McHargue told reporters it might seem “second nature” for farmers or ranchers to think about data security, partly because these are people who wake up and want to get to work. Though the FBI might not be the first entity people think of to call, McHargue said the agency can be a valuable resource.

“We shouldn’t be afraid to reach out to the entities that are there to protect us,” McHargue told reporters. “They can’t protect us if we’re not sharing information with them.”

Kowel said having a partnership such as with the FBI or the Department of Homeland Security is critical, particularly for large producers.

“I don’t think people want to wait until there’s an incident and then try to educate themselves,” Kowel said, such as learning basic cyber-hygiene steps as soon as possible.

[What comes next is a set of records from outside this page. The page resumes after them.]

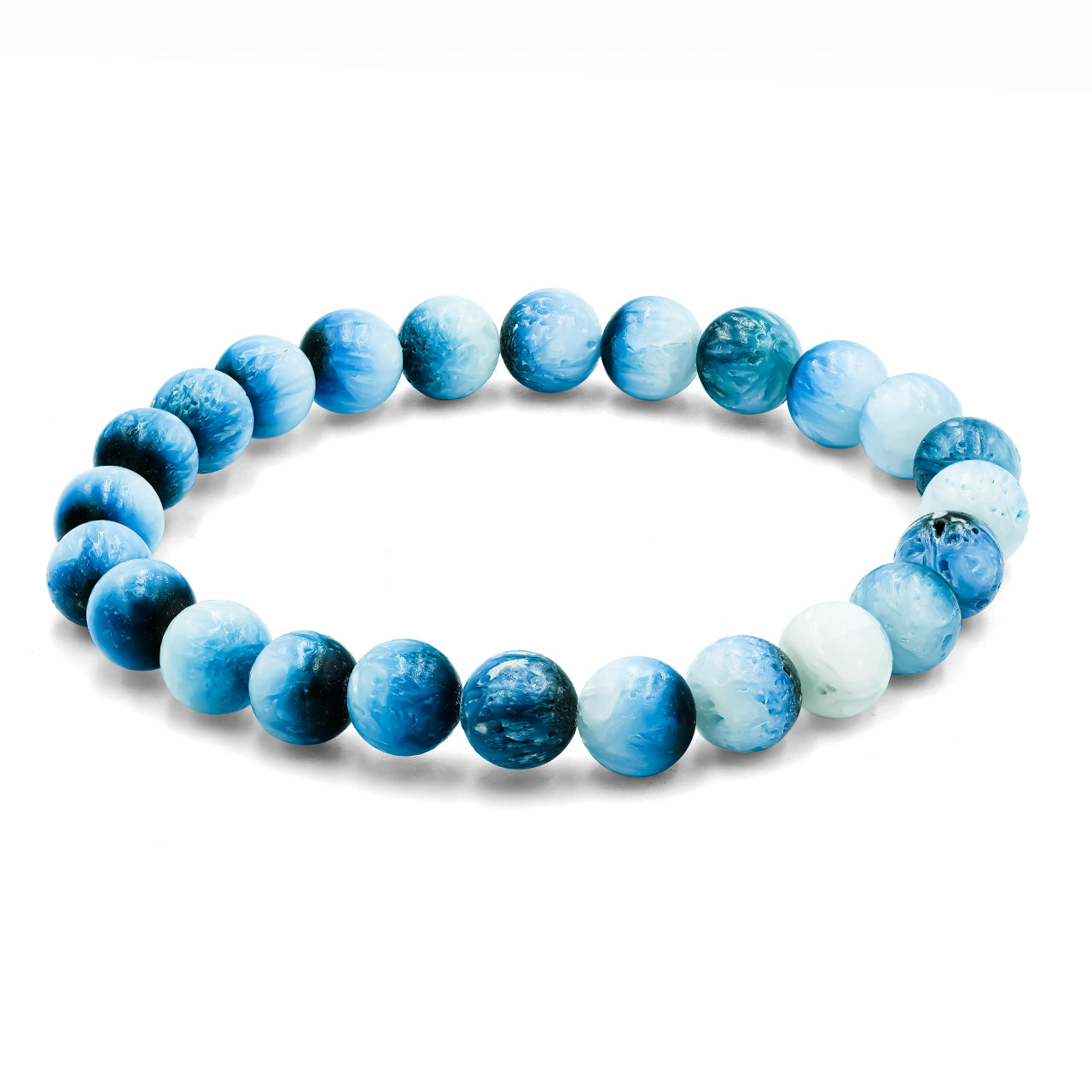 Pulsera elástica con cuentas de glacierita de hielo azul de 8 mm Starborn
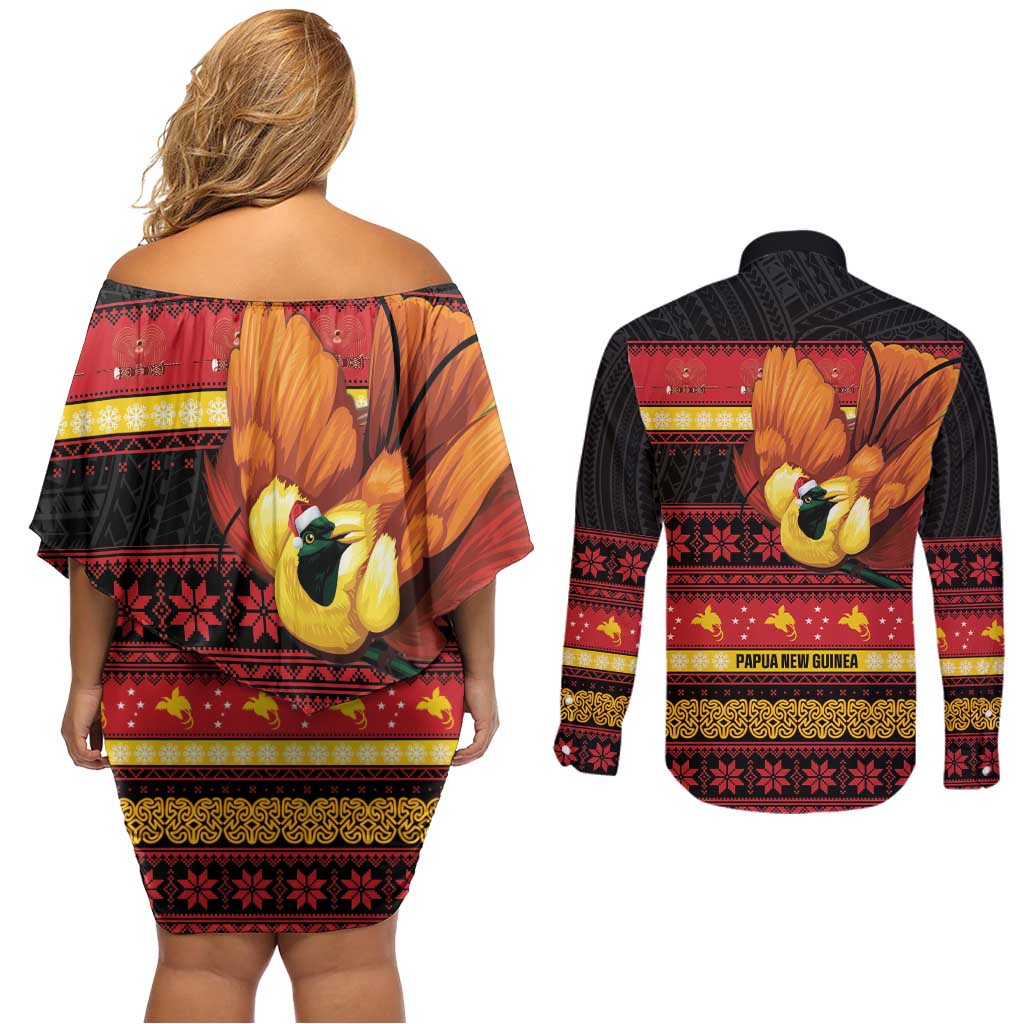 Papua New Guinea Christmas Couples Matching Off Shoulder Short Dress and Long Sleeve Button Shirt Bikpela hamamas blong dispela Krismas - Polynesian Pride
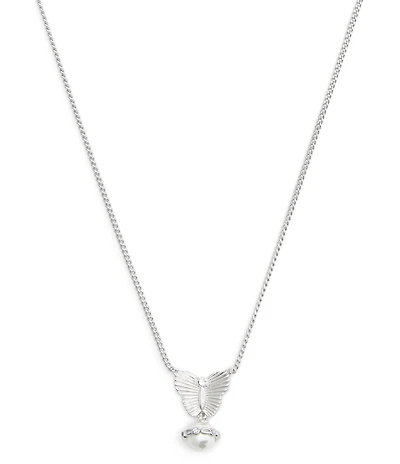 COACH Signature Heritage Butterfly Pearl Short Pendant Necklace
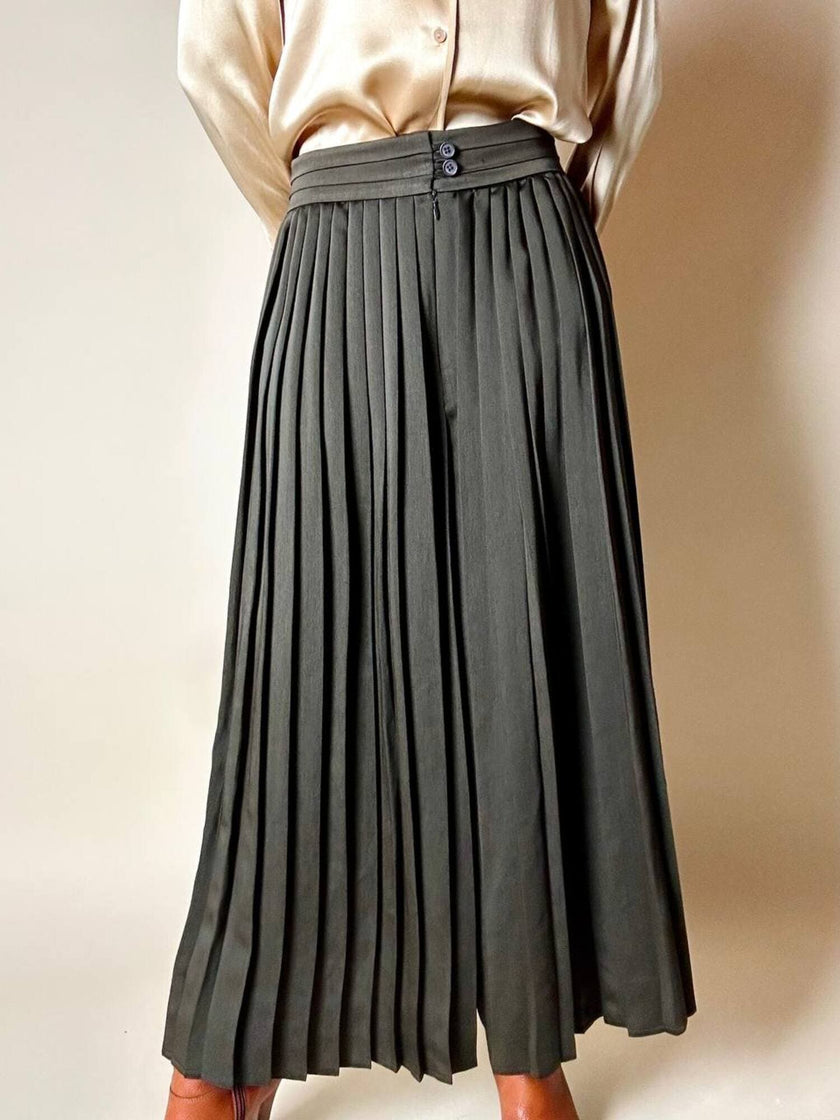Gonna pantalone plissé Max Mara in satin verde stagno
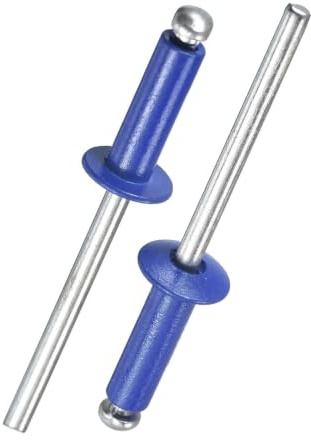 100 Piezas Remaches Ciegos Azul, 4mm 5mm Alu Remaches Matricula Coche | Cabeza Cúpula Extremo Abierto Remaches Pop para Metal, Madera, Plástico, Muebles, Moto, Marino, Kayaks, Manijas(4X8mm)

Kowel and McHargue pointed to the FBI and Nebraska Farm Bureau websites for more resources.

Event organizers said the symposium had 400 registrants. McHargue said at least 19 states with representatives at the symposium account for trillions of dollars in value to the world, highlighting a need for vigilance.

“That’s what’s at risk when you start dealing with agriculture and the food sector,” McHargue said. “That is the reason that we say food security is national security.”

‘Breadbasket of the world’

Gov. Jim Pillen joined Kowel and McHargue and said he and Pillen Family Farms learned firsthand in early 2020 when they, too, became a victim of cyber threats.

“We couldn’t do anything,” Pillen said. “So when you just think about how sobering, because of how reliant we are on technology — I don’t know very much, I’m not a technology-oriented person, but I certainly understand the reliance and how critical the security and the work is.”

Pillen encouraged those in attendance not to forget the importance of their work.

“We are the breadbasket of the world,” Pillen said. “We in Nebraska agriculture feed the world, and we save the planet when we’re doing it.”

McHargue said after Tuesday’s introductions that such threats are not something people always want to talk about publicly but that they are happening.

“The fact of the matter is, it’s real,” McHargue said. “And it’s happening not only in other sectors, it’s happening in the ag sector.”